Recently, there has been a television commercial that has the saying “there are some things money can’t buy. ” The story “The Practical Heart” by Allan Gurganus could be used for this ad. It is about a wealthy family who is forced into poverty when they visit America. Her family heritage, the way in which she gets the painting, and the painting itself are all factors in Muriel restoring her family dignity. Muriel’s family heritage is a factor because without it dignity is not there to be restored.
They lived on a seven-acre compound called “Sunnyside. ” Sunnyside had a big stone house and an orchard. The father was a writer and Professor who had published four books. He was educated by tutors at his home. He was skilled in Greek and Latin and could recite three-day’s worth of poetry. Muriel, the eldest daughter, was a child prodigy on the piano and had received excellent notices. All of this is a reason for Muriel to have the portrait done. Her family is now living in poverty and is looked down upon by people who should be looking up.
By having the portrait done, the dignity the family once had can be restored. “He saved you, and, with you, redeemed your clan’s tarnished dignity”(39). Muriel sees that Sargent can capture the truth in his paintings and believes that he will be able to capture the true beauty inside her. The way in which Muriel goes about getting the painting is also a factor because it is the only way to achieve her goal. Muriel saves and sacrifices for years in order to have the means to visit Sargent.

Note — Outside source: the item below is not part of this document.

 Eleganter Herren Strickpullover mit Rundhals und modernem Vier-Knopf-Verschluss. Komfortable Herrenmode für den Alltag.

When she is finally able to go, she knows that she must conduct herself in a manner that gives respect to the great artist. “Knowing they would need the added respectability its notepaper afforded”(47), she stays in the village’s best hotel. She tours churches to give the appearance of not travelling all the way only for the painting. She wears her best clothes and converses with Sargent knowingly. She plays the part of someone who is worthy of being painted by the great one.
Had Muriel not gone about it in the manner she did, the painting would never have came to be. It sets up the scene. The scene in which the portrait takes place is important because it sets Muriel’s painting apart from other’s, such as Mrs. Armour’s. The artist made it seem that Muriel was allowing him to paint her rather than the opposite. “May I impose on you”(51). Mrs. Armour paid for her painting with money made by packing meat.

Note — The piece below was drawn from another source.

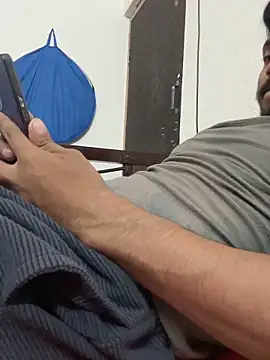 hot gym b0y online show from February 2026 06:20:02 PM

Muriel Fraser paid for her painting with an appreciation for art that only her family heritage could have given. Something there revealed a respect for art so surrendered, so complete, it could not be ordered on demand. ”(51) Finally, the portrait itself restores the family’s dignity. The painting is hung above the fireplace in the family’s flat. People come to see it. Muriel is asked to lend the picture to an exhibition in New York. A caption in one of the papers that reproduced the portrait called Muriel “the distinguished local pianist”(53). These are all examples of the dignity that the painting gives to the family.

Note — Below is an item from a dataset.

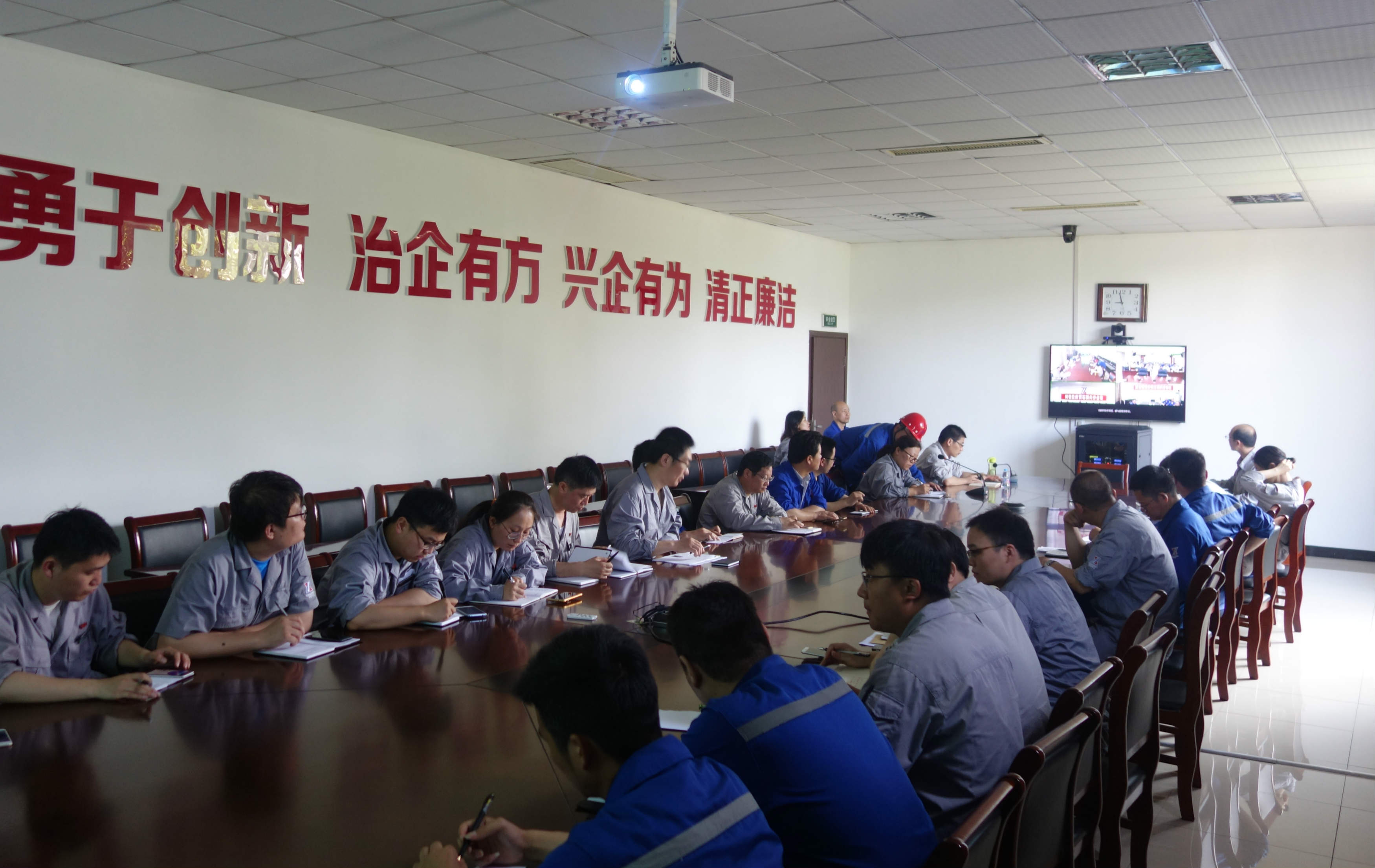 会议照片.jpg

Upon looking at the painting, you see the portrayal of a rightfully proud woman. She is proud of her Scottish heritage and the goal she has accomplished. “The one depicted corner of her mouth shows something gleeful, as if the subject is plotting or, indeed, achieving, at the very moment of depiction, a goal”(53). The way in which Muriel is portrayed restores the families lost dignity. The commercial would go something like this: Round-trip vacation from Chicago to Europe, cost $700. Portrait done by John Singer Sargent cost $200. Restoration of family dignity: priceless.